#### Work to be completed:
Omit every picture, then give all the entries again exactly.

::: Supplied data :::

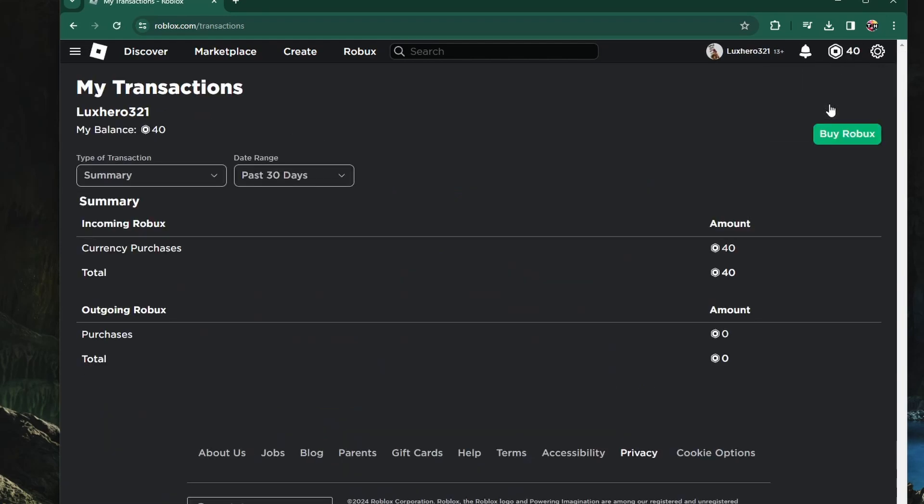On this page, you can preview your incoming, outgoing and pending Robux transactions if there are any.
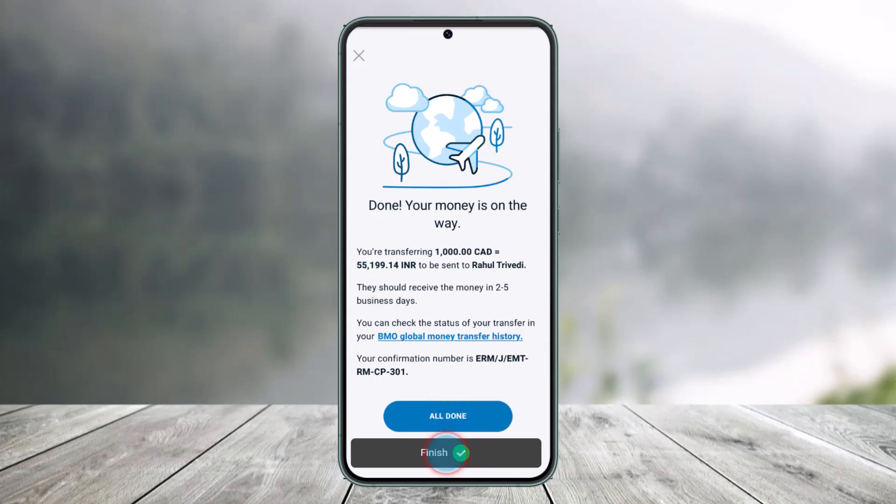This is how you can make a global money transfer on the BMO Mobile app. We hope the video was really helpful, and if it did help you, make sure to leave a like and subscribe to our channel. If you have any more questions, feel free to leave them in the comments. Thank you very much for watching till the end, and see you in the next video.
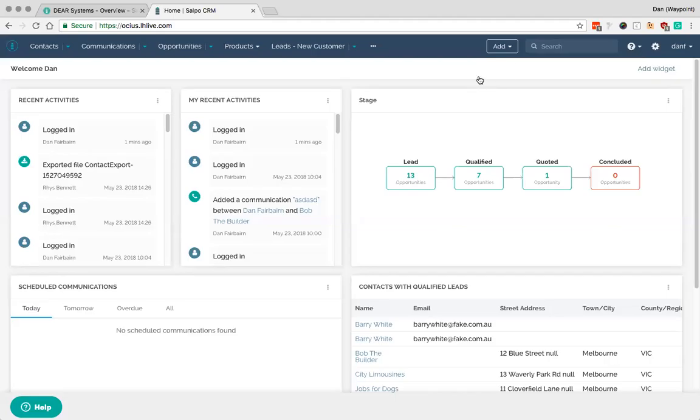Okay, so this is a quick demonstration video of Salpo and DEAR Inventory syncing. I'm logged into our demo system here and I've got a couple of widgets here, a list view down the bottom, and I've also got some activity history here as well.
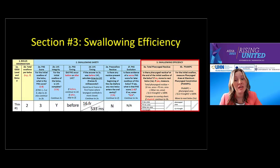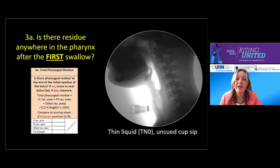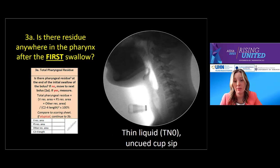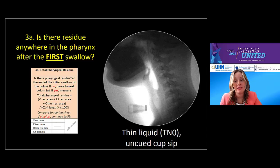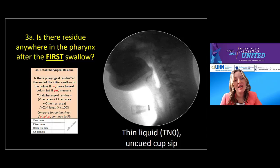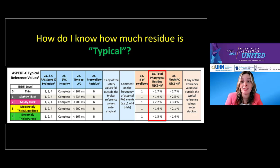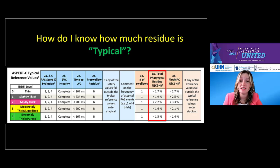Finally, let's look at the third section of the ASPECT-C tool: swallowing efficiency, in peach on your worksheet. This section asks: is there anything left in the vallecula, piriform sinuses, or anywhere in the pharynx at the end of the first swallow of a bolus? Watch the clip and ask yourself: is there residue after the first swallow, when the pharynx is most relaxed, on what we call the swallow rest frame? Here the answer is yes — we see residue in the piriforms. So the next question is: is that residue amount typical or atypical? Is it greater than 1.7% of the C2–C4 squared space?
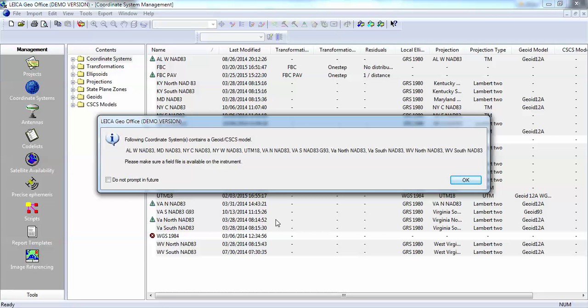You'll get a note here that the systems have links to geoid models. This is actually a note for putting these on the instrument, but this will tell you that they are linked to a geoid model and you'll need to reestablish that link to the geoid model when you put this in a new version of LGO.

:::

#### Solution for this exercise:
On this page, you can preview your incoming, outgoing and pending Robux transactions if there are any.
This is how you can make a global money transfer on the BMO Mobile app. We hope the video was really helpful, and if it did help you, make sure to leave a like and subscribe to our channel. If you have any more questions, feel free to leave them in the comments. Thank you very much for watching till the end, and see you in the next video.
Okay, so this is a quick demonstration video of Salpo and DEAR Inventory syncing. I'm logged into our demo system here and I've got a couple of widgets here, a list view down the bottom, and I've also got some activity history here as well.
Finally, let's look at the third section of the ASPECT-C tool: swallowing efficiency, in peach on your worksheet. This section asks: is there anything left in the vallecula, piriform sinuses, or anywhere in the pharynx at the end of the first swallow of a bolus? Watch the clip and ask yourself: is there residue after the first swallow, when the pharynx is most relaxed, on what we call the swallow rest frame? Here the answer is yes — we see residue in the piriforms. So the next question is: is that residue amount typical or atypical? Is it greater than 1.7% of the C2–C4 squared space?
You'll get a note here that the systems have links to geoid models. This is actually a note for putting these on the instrument, but this will tell you that they are linked to a geoid model and you'll need to reestablish that link to the geoid model when you put this in a new version of LGO.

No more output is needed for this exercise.